The strike by British Airways cabin crew has entered a fourth day after fresh talks last night failed to reach an agreement. However the beleaguered airline has found an unlikely ally in Ryanair chief executive, Michael O’Leary, who praised its management for the handling of the dispute and its endeavours to break the union stanglehold.
“BA management has done a good job,” O’Leary said. “A more intelligent union leadership would do a deal.”
The sticking point between Unite and BA is the airline’s removal of travel perks from striking staff.
The union has offered to call off the strikes if the travel concessions are reinstated, ahead of agreeing a final deal. BA says it has offered to put these concessions back in place, but only as part of a final agreement.
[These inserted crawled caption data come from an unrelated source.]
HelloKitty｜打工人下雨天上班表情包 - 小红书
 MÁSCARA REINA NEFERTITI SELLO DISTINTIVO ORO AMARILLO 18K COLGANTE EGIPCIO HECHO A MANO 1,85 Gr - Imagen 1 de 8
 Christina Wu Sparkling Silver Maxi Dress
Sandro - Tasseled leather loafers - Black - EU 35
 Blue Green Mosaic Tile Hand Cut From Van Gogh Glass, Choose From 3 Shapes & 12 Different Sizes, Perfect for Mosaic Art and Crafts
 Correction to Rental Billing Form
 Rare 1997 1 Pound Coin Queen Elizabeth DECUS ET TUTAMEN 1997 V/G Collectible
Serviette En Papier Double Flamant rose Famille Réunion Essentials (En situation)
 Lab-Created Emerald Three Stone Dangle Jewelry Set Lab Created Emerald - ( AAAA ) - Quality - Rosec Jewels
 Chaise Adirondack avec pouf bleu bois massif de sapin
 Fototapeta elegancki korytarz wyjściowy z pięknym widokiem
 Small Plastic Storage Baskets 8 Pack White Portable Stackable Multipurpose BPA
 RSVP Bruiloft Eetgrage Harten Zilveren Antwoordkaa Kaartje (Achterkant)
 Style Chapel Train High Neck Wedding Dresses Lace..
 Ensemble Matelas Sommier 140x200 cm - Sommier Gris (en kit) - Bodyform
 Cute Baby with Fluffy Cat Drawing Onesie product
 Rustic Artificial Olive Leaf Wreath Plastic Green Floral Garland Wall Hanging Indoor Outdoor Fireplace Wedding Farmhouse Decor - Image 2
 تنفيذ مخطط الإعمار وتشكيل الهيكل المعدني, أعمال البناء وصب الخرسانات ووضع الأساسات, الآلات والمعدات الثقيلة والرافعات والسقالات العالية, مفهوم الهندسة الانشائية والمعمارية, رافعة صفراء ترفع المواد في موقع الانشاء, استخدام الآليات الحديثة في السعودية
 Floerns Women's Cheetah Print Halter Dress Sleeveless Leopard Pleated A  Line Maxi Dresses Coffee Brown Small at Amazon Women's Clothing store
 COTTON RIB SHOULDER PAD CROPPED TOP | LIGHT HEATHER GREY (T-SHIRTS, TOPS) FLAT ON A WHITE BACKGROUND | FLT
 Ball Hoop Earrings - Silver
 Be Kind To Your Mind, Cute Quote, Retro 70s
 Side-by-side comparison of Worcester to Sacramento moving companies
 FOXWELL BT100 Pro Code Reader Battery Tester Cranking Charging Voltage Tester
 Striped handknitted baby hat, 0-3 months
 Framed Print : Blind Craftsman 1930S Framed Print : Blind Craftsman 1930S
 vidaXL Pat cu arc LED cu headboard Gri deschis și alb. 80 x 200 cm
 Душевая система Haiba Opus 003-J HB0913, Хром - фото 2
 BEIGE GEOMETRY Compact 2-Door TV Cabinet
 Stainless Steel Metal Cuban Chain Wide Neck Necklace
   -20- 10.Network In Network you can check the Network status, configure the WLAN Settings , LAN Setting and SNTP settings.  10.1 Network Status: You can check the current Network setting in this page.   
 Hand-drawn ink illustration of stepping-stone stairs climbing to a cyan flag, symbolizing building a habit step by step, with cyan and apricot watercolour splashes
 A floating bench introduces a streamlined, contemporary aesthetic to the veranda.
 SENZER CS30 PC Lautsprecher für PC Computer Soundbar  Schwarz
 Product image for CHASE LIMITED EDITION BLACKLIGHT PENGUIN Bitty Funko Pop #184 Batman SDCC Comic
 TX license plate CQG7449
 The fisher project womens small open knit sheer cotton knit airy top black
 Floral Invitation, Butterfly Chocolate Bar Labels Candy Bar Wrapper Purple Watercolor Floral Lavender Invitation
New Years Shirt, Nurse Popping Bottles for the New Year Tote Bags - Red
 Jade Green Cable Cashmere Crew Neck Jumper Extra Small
There was no indication as to whether any progress had been made last night. A spokesman for the conciliation service Acas said it would contact both sides to organise a future meeting date.
The current strike is the second of three five-day walkouts planned by BA cabin crew, and is scheduled to end of Thursday. The final strike is due to start on Saturday.
But the union’s power has waned somewhat during the dispute. BA has managed to operate more than 70 per cent of long-haul flights this week, up from just 60 per cent during the March strikes.
It says it will operate more than 80 per cent of its long haul flights during the next strike as “growing numbers” of cabin crew return to work. This includes plans to operate all flights to South Africa ahead of the World Cup – although the England team have erred on the side of caution by flying Virgin Atlantic (they are set to travel to South Africa tonight ahead of the tournament starting next Friday).
Barring an agreement, Unite has threatened that it could hold a further ballot for strike action during the peak summer holiday months of July and August.